> **Exercise instructions**: Exactly as they appear, print the line with "Imperial Palace Hotel - main image" and each line after it through the end of the entries below; leave out pictures.

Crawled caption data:
◇ ◇ ◇ ◇ ◇

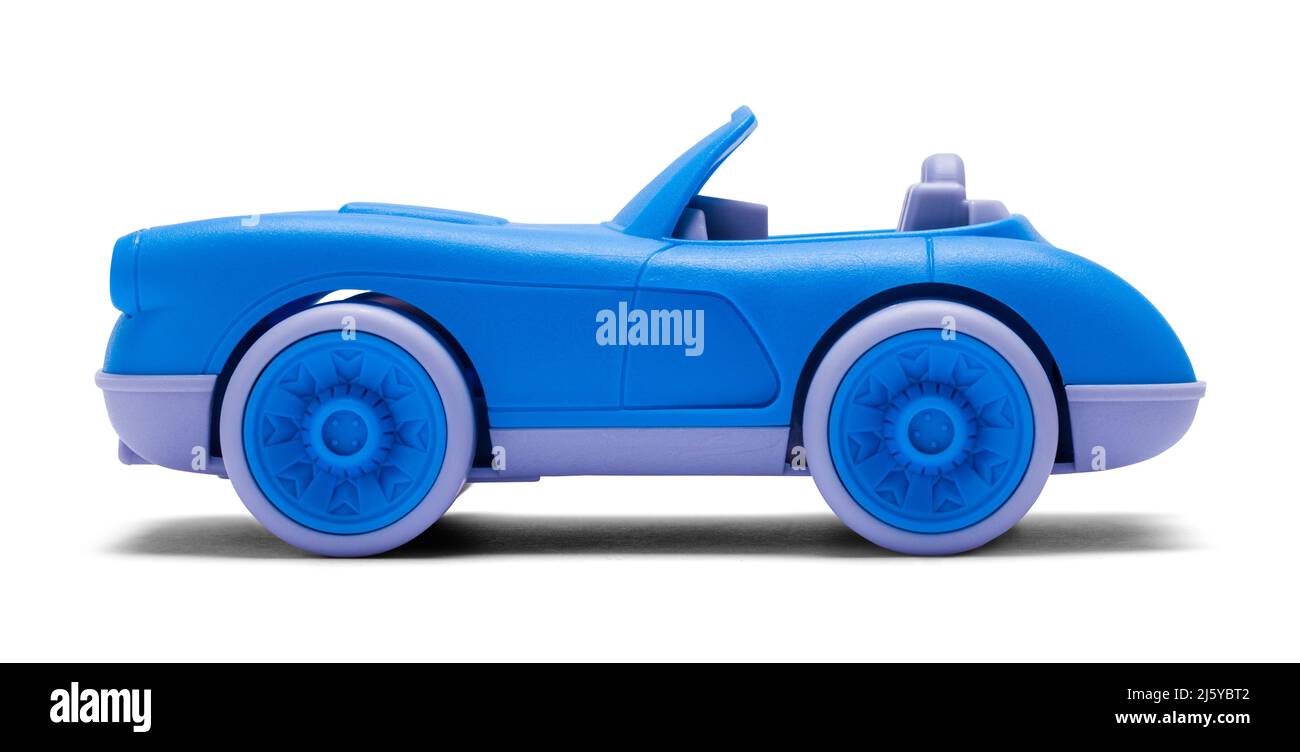 Blauer Kunststoff Spielzeug Auto Schnitt auf Weiß. Stockfoto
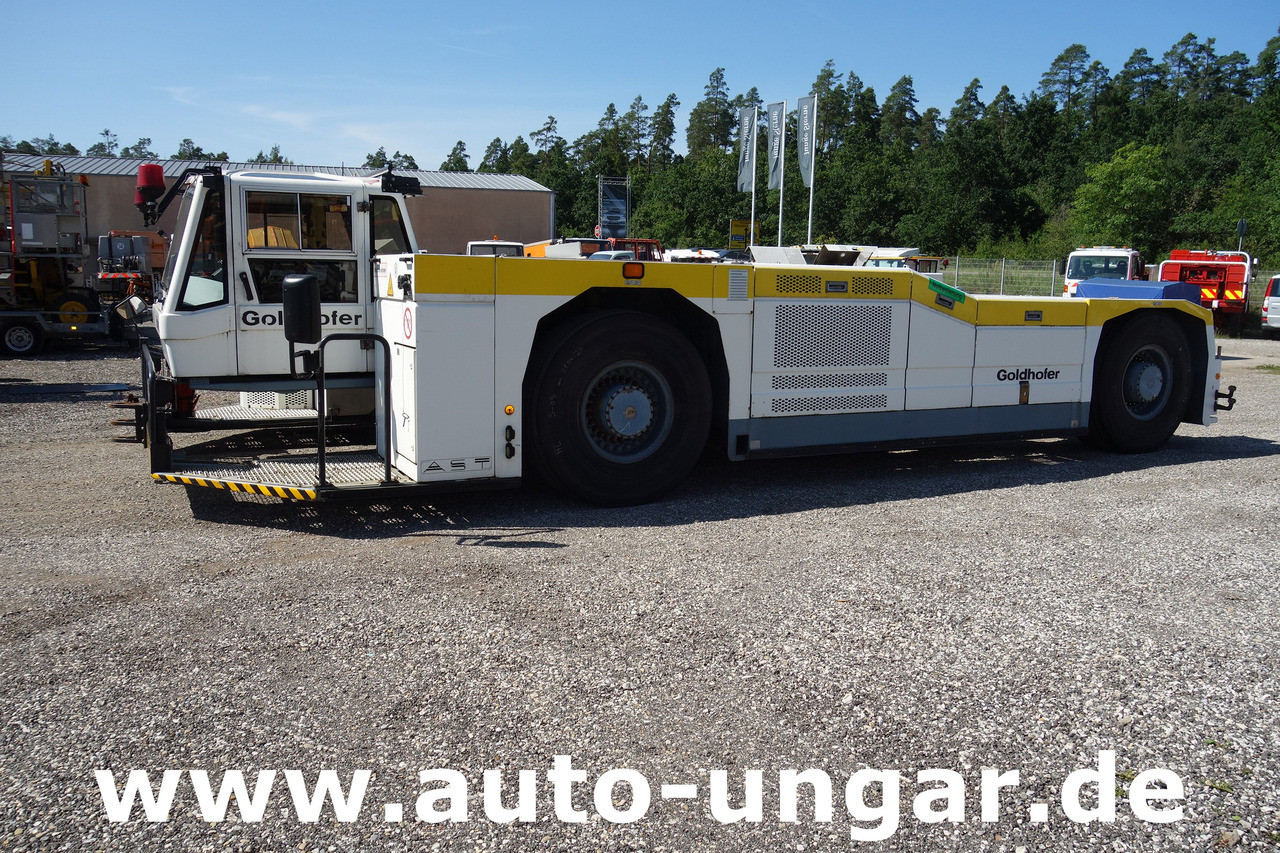 GOLDHOFER AST-1 A500 Baujahr 1999 Push-Back towbarless Pushback Liebherr used GSE - جرارات الطائرات: صورة 4 GOLDHOFER AST-1 A500 Baujahr 1999 Push-Back towbarless Pushback Liebherr used GSE - جرارات الطائرات: صورة 4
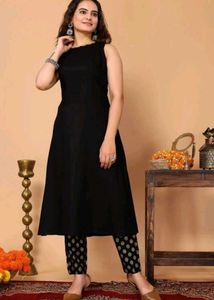 Elegant Black Sleeveless Kurta with Printed Pants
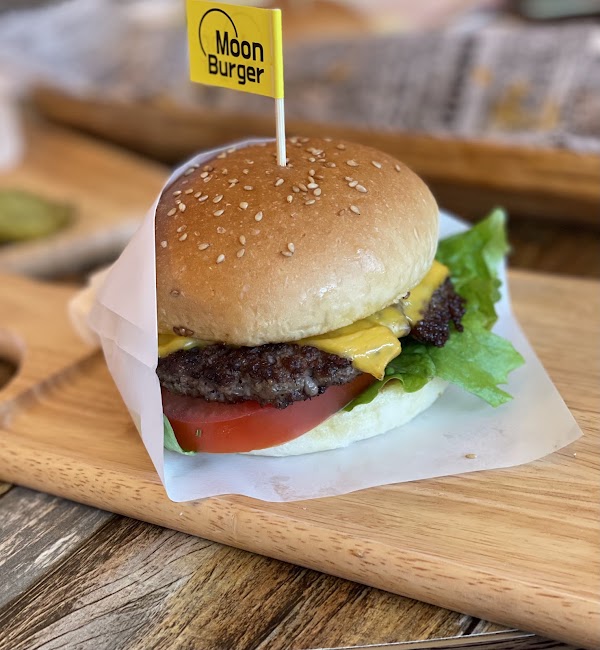 Moon Burger 5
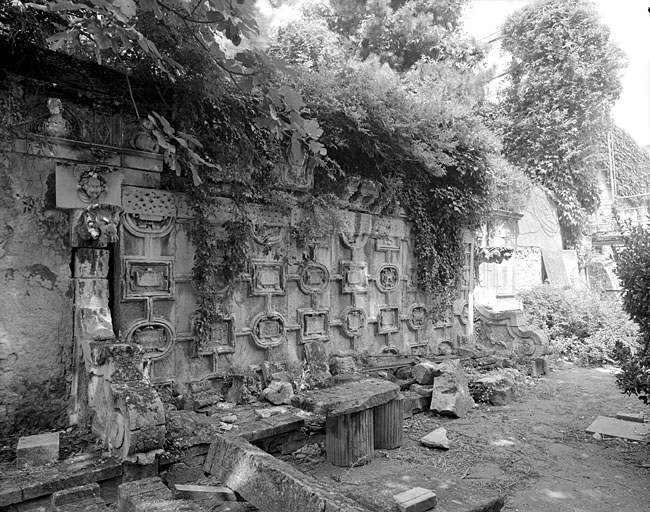 Plafond de la maison 6, rue du Minage, déposée dans le jardin, rue Gargoulleau.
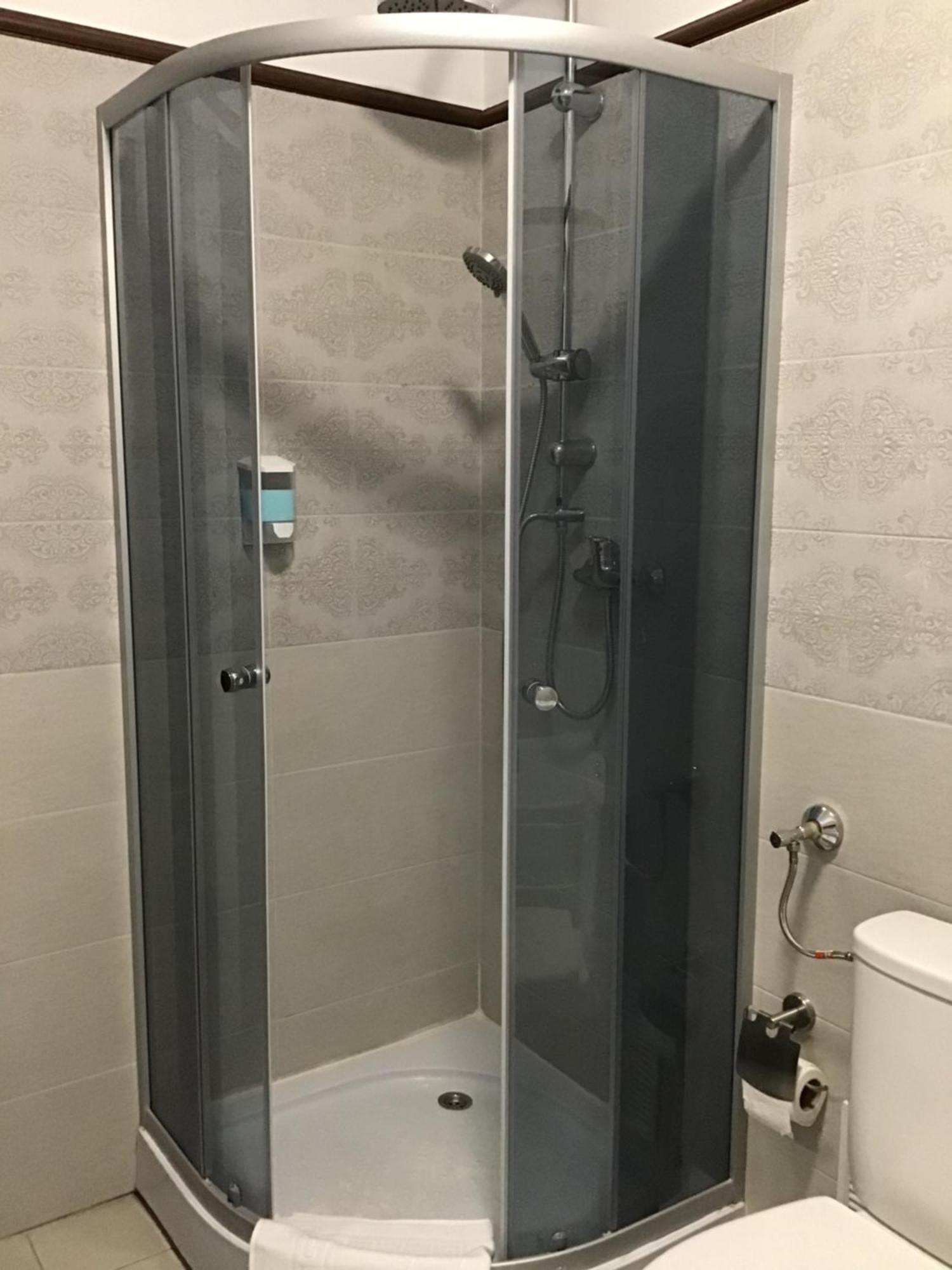 Rora Rose Hotel Букурещ Екстериор снимка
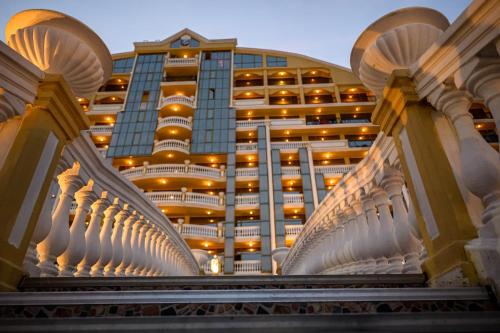 Imperial Palace Hotel - main image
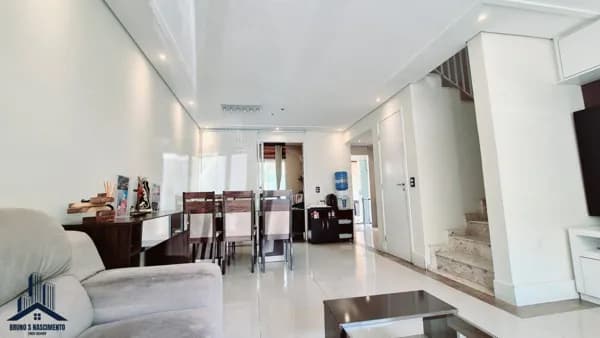 Casa à venda em Cotia/SP no Jardim Petrópolis no Condomínio Bosques da Vila 84,45m²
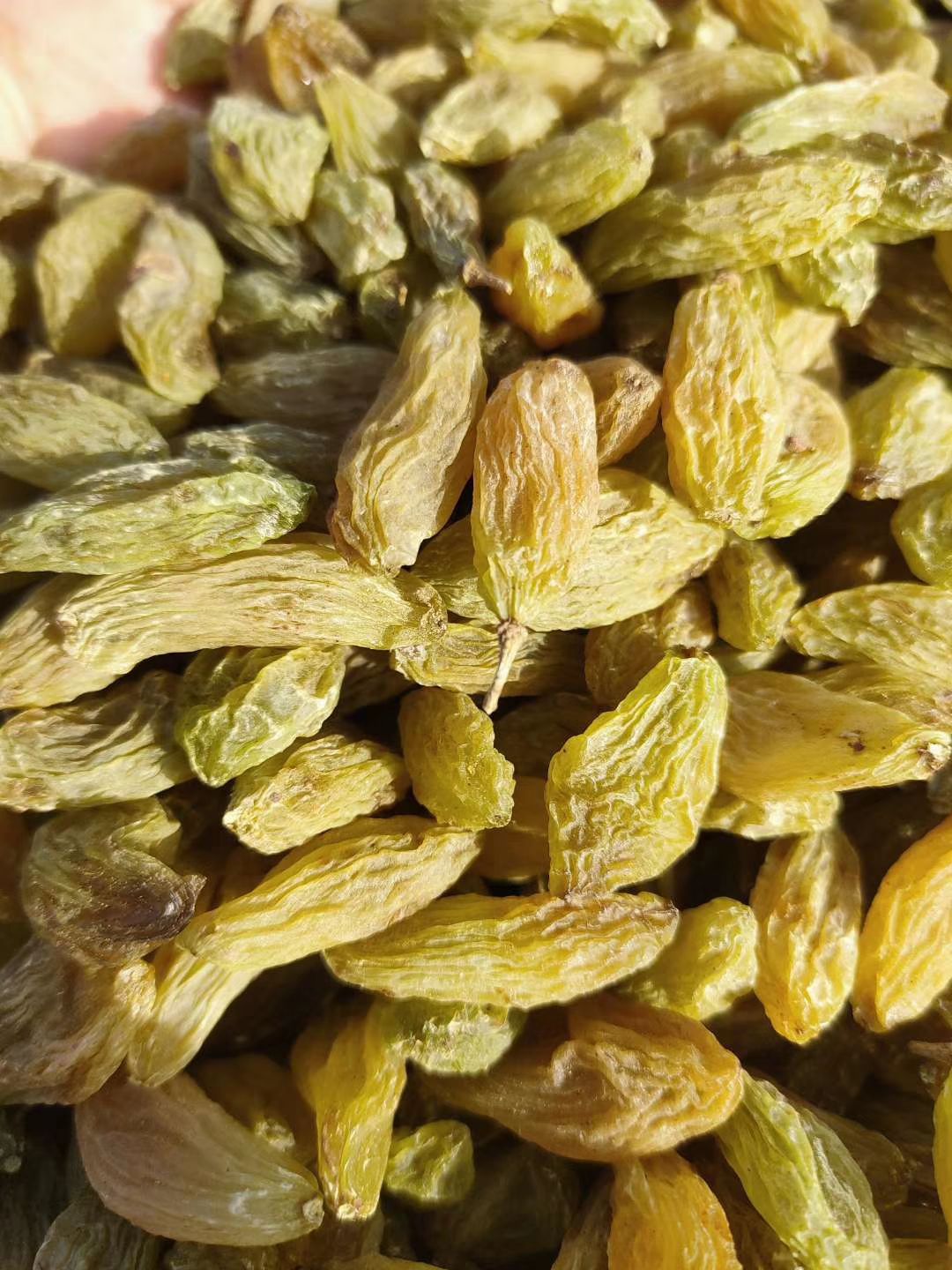 绿葡萄干  吐鲁番市葡萄干，品种齐全，价格美丽。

◇ ◇ ◇ ◇ ◇

> **Exercise answer**:
 Imperial Palace Hotel - main image
 Casa à venda em Cotia/SP no Jardim Petrópolis no Condomínio Bosques da Vila 84,45m²
 绿葡萄干  吐鲁番市葡萄干，品种齐全，价格美丽。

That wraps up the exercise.